Other forms of means test relate to the present government’s schemes for rent rebates and rate rebates. Mr. Richard Crossman in July 1966, at that time Housing Minister, urged local Authorities to put up rent of council houses to a “more realistic” level and to meet the situation of low-income tenants by giving them rebates, subject of course, to evidence of need. He was opposed by objectors who maintained that the authorities “have no right to interfere with individual liberty by prying into tenant’s means to assess a fair rent.” (Daily Mail 9.7.66).


In a typical rent relief scheme, that used by the Greater London Council while the Labour Party still controlled it, the applicant had to give full information about the income of himself and wife from all sources and also the name and age and family relationship of all persons living in the house.

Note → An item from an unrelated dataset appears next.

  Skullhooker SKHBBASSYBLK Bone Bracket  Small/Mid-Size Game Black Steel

But instead of asking for information about the income of those persons the Council added to the estimated total income determining the right to relief an amount of fourteen shillings a week for each person aged 21 or over and seven shillings a week for each person aged 18-20.

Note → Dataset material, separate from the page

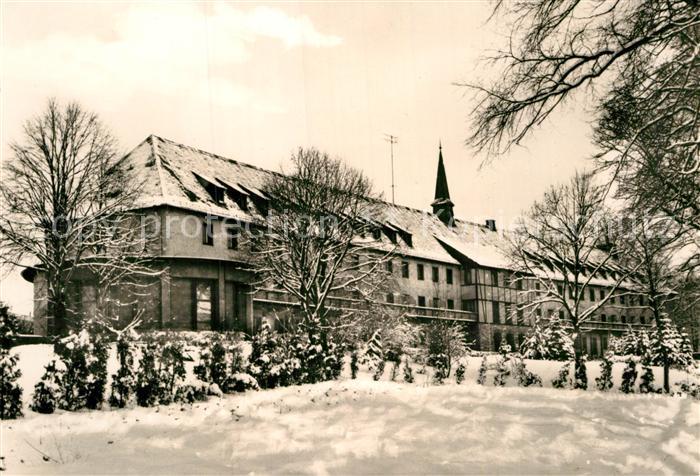 Warmbad Wolkenstein Sanatorium Klubhaus Winterlandschaft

Peter Jenkins in the article already referred to, now tells us that long argument had been going on inside the Cabinet about applying a new means test in connection with a proposed increase of family allowances which would raise the allowance for the third and subsequent children by ten shillings a week—he claims that the Ministers were almost equally divided, with only a majority of one against it. “With the Cabinet so astonishingly narrowly divided it is certain that the issue will come up again.”


With unconscious irony he tells that the advocates of the new Means Test “were able to argue that each according to his needs is equally a principle of socialism” — as if that socialist principle can have any possible connection with a device of capitalism to screw down the pittance provided for its victims.